Problem details | Please give back, word for word, only the lines starting at the one containing "Target classes. Target classname." and ending at the one containing "Аккумуляторы Zitrek 12v Купить" within the material below.

Given records |
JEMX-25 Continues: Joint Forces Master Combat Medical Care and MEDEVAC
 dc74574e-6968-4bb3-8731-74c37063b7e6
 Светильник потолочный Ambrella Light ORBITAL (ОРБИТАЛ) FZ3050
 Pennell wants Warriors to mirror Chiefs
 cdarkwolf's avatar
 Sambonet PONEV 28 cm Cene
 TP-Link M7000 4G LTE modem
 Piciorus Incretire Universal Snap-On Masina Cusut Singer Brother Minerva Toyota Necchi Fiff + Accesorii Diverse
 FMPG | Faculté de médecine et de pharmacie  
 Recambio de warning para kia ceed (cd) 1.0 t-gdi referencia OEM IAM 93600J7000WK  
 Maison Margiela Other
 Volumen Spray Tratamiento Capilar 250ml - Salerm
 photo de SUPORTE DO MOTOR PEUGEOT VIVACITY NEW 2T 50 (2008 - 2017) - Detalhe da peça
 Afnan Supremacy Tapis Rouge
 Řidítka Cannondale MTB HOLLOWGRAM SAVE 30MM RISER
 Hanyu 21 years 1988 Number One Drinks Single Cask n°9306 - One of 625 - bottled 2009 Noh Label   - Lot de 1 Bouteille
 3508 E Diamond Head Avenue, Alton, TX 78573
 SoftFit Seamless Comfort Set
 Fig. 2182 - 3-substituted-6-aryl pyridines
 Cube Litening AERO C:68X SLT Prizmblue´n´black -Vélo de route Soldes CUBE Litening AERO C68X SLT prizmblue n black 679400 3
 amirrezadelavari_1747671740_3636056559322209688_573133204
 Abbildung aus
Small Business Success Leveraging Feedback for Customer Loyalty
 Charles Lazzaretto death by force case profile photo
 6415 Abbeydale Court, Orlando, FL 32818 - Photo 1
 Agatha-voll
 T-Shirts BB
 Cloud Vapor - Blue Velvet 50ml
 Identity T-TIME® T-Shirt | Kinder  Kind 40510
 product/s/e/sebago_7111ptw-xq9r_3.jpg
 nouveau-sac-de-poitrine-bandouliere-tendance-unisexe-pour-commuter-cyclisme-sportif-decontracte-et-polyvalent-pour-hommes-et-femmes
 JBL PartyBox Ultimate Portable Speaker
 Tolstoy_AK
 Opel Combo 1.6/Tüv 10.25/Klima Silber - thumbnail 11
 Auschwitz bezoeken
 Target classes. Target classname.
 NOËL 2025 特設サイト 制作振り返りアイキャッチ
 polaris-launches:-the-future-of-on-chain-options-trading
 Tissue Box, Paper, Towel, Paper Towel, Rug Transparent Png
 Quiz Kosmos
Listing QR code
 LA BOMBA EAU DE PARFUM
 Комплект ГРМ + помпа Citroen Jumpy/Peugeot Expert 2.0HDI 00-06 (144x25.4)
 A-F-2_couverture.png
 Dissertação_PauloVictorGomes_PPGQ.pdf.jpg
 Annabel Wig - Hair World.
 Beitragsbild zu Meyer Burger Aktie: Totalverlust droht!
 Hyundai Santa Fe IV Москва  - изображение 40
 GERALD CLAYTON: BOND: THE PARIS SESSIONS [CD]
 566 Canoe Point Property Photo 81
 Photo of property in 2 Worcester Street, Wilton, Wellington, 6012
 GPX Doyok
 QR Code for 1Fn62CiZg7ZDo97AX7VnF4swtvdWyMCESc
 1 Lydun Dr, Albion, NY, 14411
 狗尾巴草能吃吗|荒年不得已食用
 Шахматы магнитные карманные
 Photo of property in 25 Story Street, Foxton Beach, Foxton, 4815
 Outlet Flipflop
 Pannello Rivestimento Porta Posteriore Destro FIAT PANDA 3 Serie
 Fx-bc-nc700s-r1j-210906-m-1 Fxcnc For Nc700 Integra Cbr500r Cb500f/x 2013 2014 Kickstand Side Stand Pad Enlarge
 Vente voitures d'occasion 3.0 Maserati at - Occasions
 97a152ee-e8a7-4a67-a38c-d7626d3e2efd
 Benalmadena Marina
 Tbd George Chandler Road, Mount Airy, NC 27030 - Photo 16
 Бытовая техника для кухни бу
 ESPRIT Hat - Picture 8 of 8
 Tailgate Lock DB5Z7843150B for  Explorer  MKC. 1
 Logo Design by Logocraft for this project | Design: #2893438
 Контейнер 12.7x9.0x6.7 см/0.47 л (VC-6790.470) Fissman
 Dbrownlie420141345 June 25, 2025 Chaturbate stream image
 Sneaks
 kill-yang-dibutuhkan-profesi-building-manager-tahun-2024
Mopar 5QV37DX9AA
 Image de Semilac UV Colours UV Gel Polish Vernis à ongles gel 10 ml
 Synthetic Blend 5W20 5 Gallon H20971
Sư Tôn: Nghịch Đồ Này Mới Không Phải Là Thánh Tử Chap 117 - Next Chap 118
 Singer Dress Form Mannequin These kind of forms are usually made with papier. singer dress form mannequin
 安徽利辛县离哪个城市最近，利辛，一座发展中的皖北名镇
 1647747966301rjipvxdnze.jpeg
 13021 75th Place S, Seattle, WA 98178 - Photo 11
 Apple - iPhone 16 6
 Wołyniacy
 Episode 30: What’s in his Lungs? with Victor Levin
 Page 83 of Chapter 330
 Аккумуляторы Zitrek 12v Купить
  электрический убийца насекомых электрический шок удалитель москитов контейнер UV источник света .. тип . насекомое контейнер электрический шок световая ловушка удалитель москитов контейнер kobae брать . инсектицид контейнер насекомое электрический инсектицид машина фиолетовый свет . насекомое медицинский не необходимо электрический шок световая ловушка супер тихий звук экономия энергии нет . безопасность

Expected answer |
 Target classes. Target classname.
 NOËL 2025 特設サイト 制作振り返りアイキャッチ
 polaris-launches:-the-future-of-on-chain-options-trading
 Tissue Box, Paper, Towel, Paper Towel, Rug Transparent Png
 Quiz Kosmos
Listing QR code
 LA BOMBA EAU DE PARFUM
 Комплект ГРМ + помпа Citroen Jumpy/Peugeot Expert 2.0HDI 00-06 (144x25.4)
 A-F-2_couverture.png
 Dissertação_PauloVictorGomes_PPGQ.pdf.jpg
 Annabel Wig - Hair World.
 Beitragsbild zu Meyer Burger Aktie: Totalverlust droht!
 Hyundai Santa Fe IV Москва  - изображение 40
 GERALD CLAYTON: BOND: THE PARIS SESSIONS [CD]
 566 Canoe Point Property Photo 81
 Photo of property in 2 Worcester Street, Wilton, Wellington, 6012
 GPX Doyok
 QR Code for 1Fn62CiZg7ZDo97AX7VnF4swtvdWyMCESc
 1 Lydun Dr, Albion, NY, 14411
 狗尾巴草能吃吗|荒年不得已食用
 Шахматы магнитные карманные
 Photo of property in 25 Story Street, Foxton Beach, Foxton, 4815
 Outlet Flipflop
 Pannello Rivestimento Porta Posteriore Destro FIAT PANDA 3 Serie
 Fx-bc-nc700s-r1j-210906-m-1 Fxcnc For Nc700 Integra Cbr500r Cb500f/x 2013 2014 Kickstand Side Stand Pad Enlarge
 Vente voitures d'occasion 3.0 Maserati at - Occasions
 97a152ee-e8a7-4a67-a38c-d7626d3e2efd
 Benalmadena Marina
 Tbd George Chandler Road, Mount Airy, NC 27030 - Photo 16
 Бытовая техника для кухни бу
 ESPRIT Hat - Picture 8 of 8
 Tailgate Lock DB5Z7843150B for  Explorer  MKC. 1
 Logo Design by Logocraft for this project | Design: #2893438
 Контейнер 12.7x9.0x6.7 см/0.47 л (VC-6790.470) Fissman
 Dbrownlie420141345 June 25, 2025 Chaturbate stream image
 Sneaks
 kill-yang-dibutuhkan-profesi-building-manager-tahun-2024
Mopar 5QV37DX9AA
 Image de Semilac UV Colours UV Gel Polish Vernis à ongles gel 10 ml
 Synthetic Blend 5W20 5 Gallon H20971
Sư Tôn: Nghịch Đồ Này Mới Không Phải Là Thánh Tử Chap 117 - Next Chap 118
 Singer Dress Form Mannequin These kind of forms are usually made with papier. singer dress form mannequin
 安徽利辛县离哪个城市最近，利辛，一座发展中的皖北名镇
 1647747966301rjipvxdnze.jpeg
 13021 75th Place S, Seattle, WA 98178 - Photo 11
 Apple - iPhone 16 6
 Wołyniacy
 Episode 30: What’s in his Lungs? with Victor Levin
 Page 83 of Chapter 330
 Аккумуляторы Zitrek 12v Купить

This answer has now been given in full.